Blairite Jim Murphy, who plans to stay on as Scottish Labour leader despite the Party's massive defeat

James Doran on why the Labour Party's crisis is worse than anticipated


1Labour suffered electoral and moral defeats without even being in government. This, I had not expected. On the surface, the party seemed united and the model of "party-union distancing" had been replaced by party-union bonding under Miliband - despite the ludicrous denunciation of strikes and the Falkirk selection battle in which he called the cops on Unite, he was seen as the affiliated unions' best bet.

2Labour wasn't as united as it appeared.
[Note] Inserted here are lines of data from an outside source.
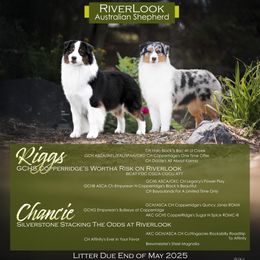 Australian Shepherd puppies from Riverlook Australian Shepherds
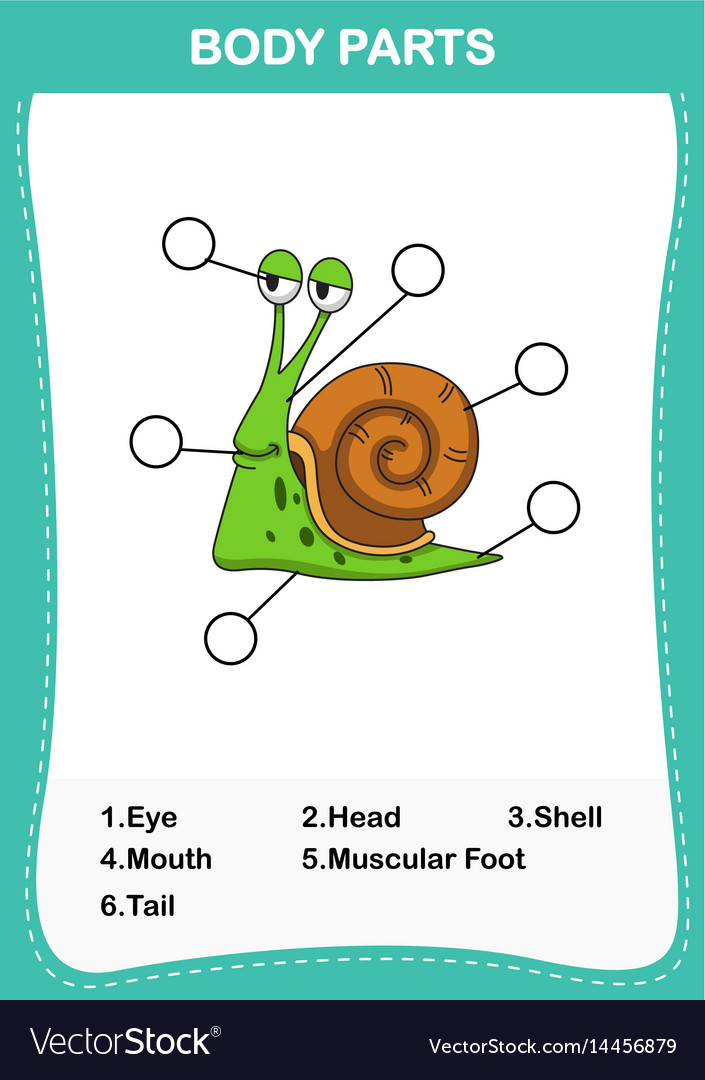 Snail vocabulary part of body Royalty Free Vector Image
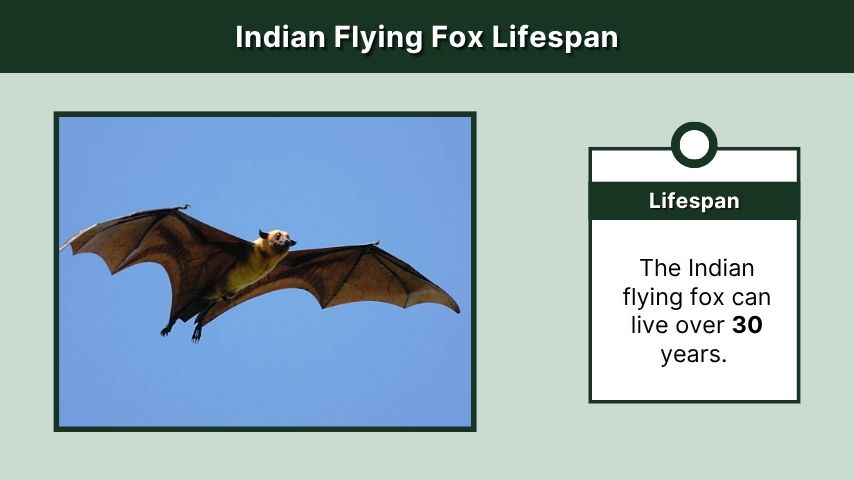 Indian Flying Fox Lifespan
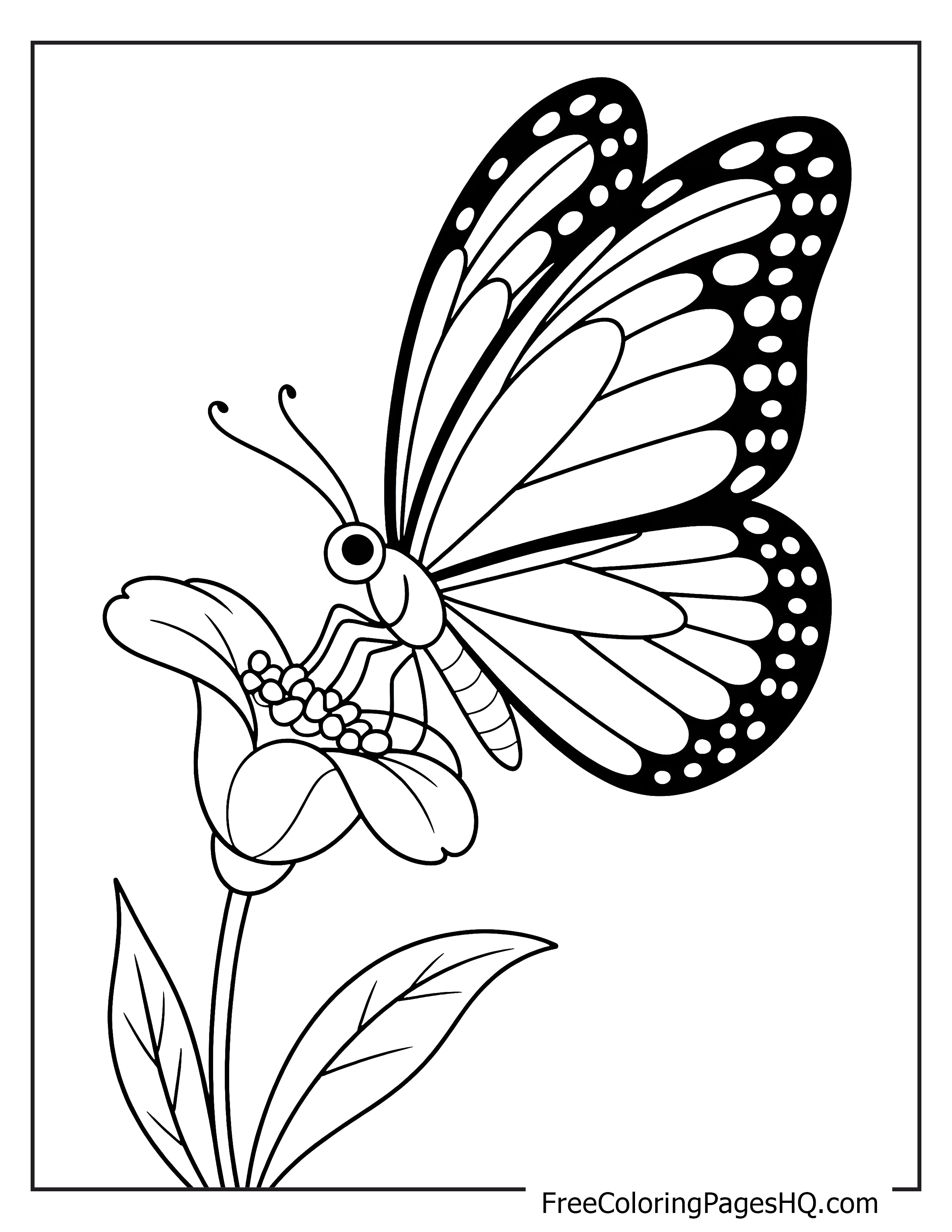 Butterfly and flower illustration for kids.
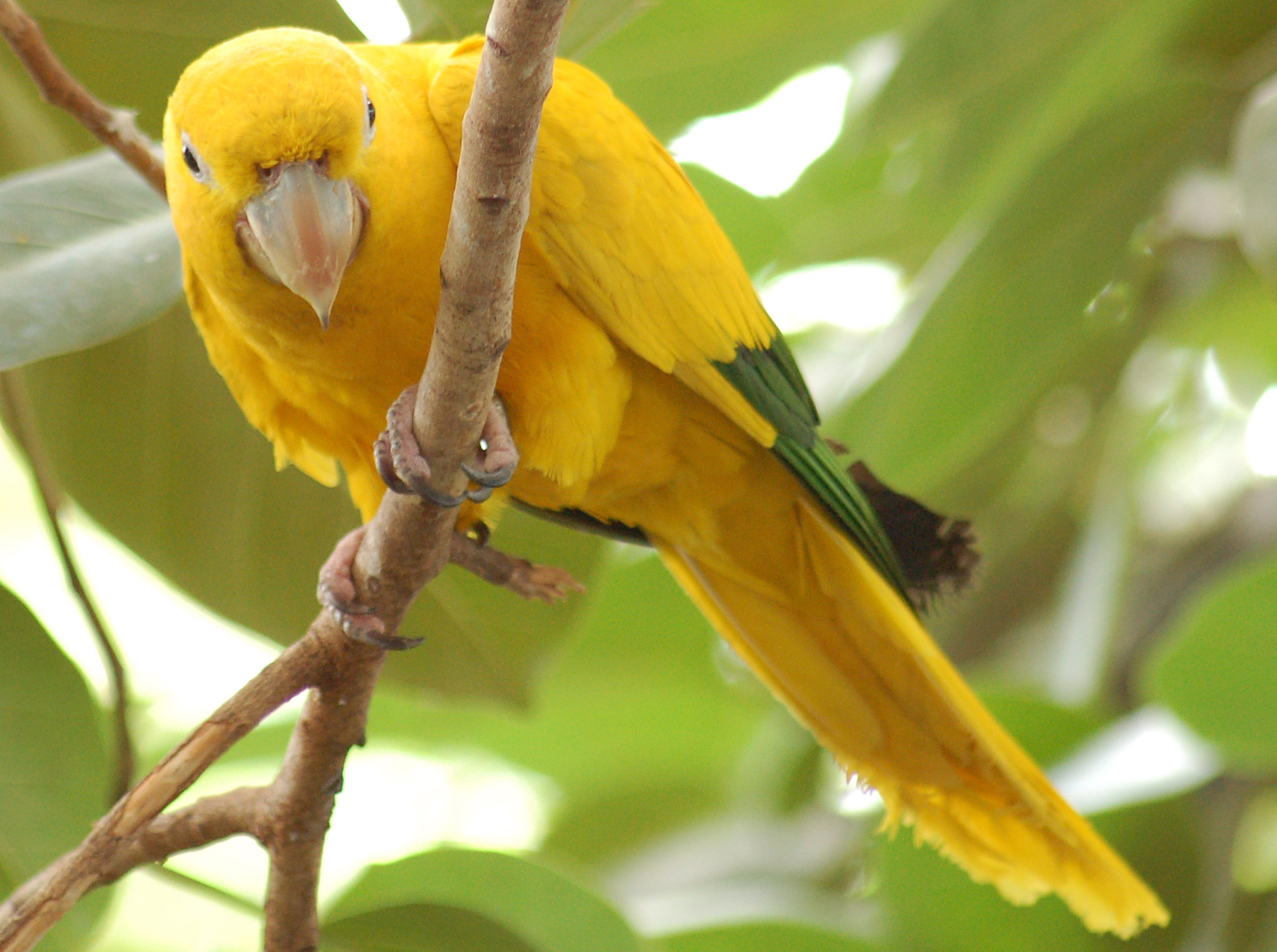 Golden Conure perched on a branch with vibrant feathers, captivating the viewers.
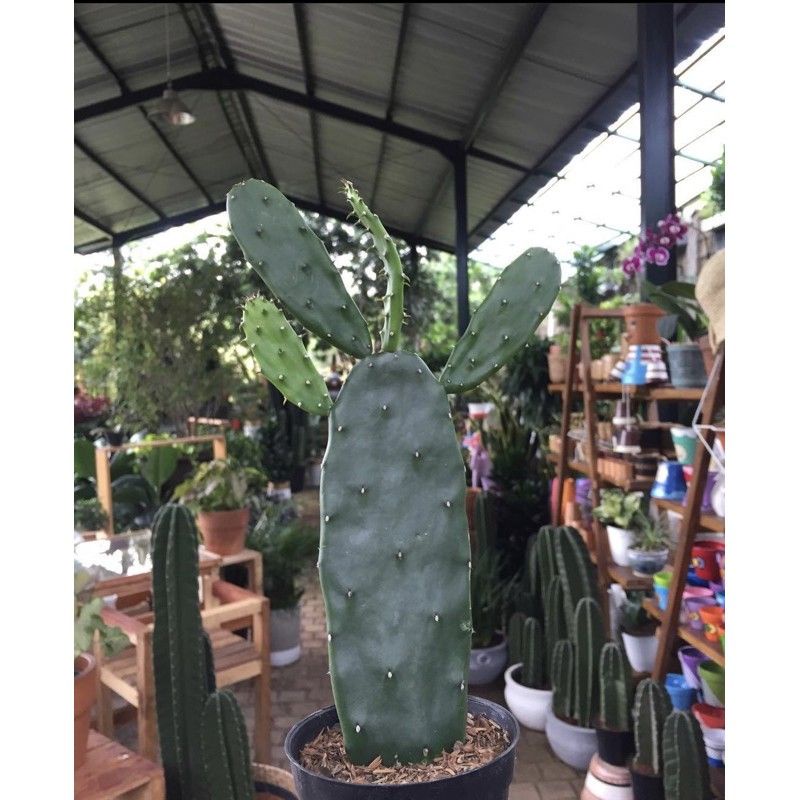 tanaman kaktus centong, kaktus centong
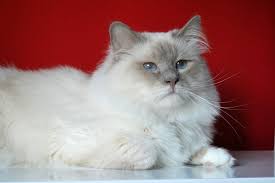 Colours Of The Birman Cat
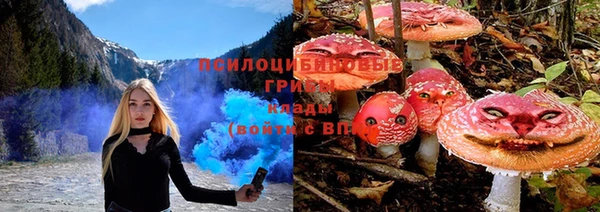 мескалин Алексин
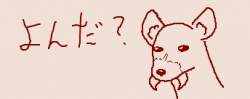 11305 B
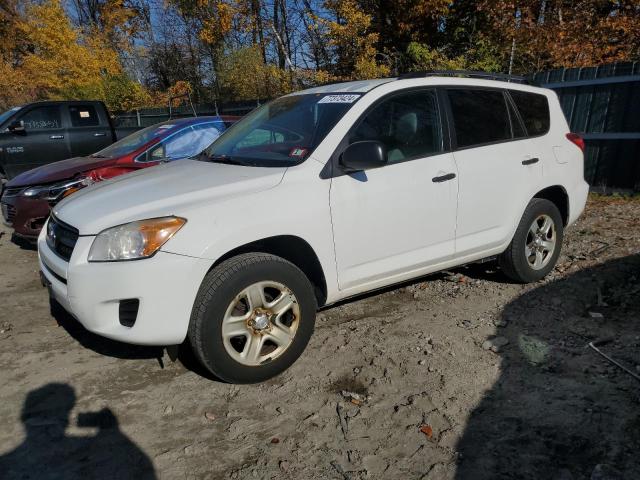 TOYOTA RAV4 2012 with VIN 2T3BF4DV2CW196592 - Photo from auction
Behind a show of unity, Miliband's compromised leadership pleased neither the Blairites, who feel he was too radical for talking about inequality and being "anti-business", nor affiliated members in the union movement - who feel the party's leadership failed to oppose austerity and offer a socialist alternative to scapegoating migrants and claimants. As Paul Mason has observed, the party's leaders in parliament know that if they were to lose Unite, there could be an English Syriza formed with more resources and dynamism than the party it would replace.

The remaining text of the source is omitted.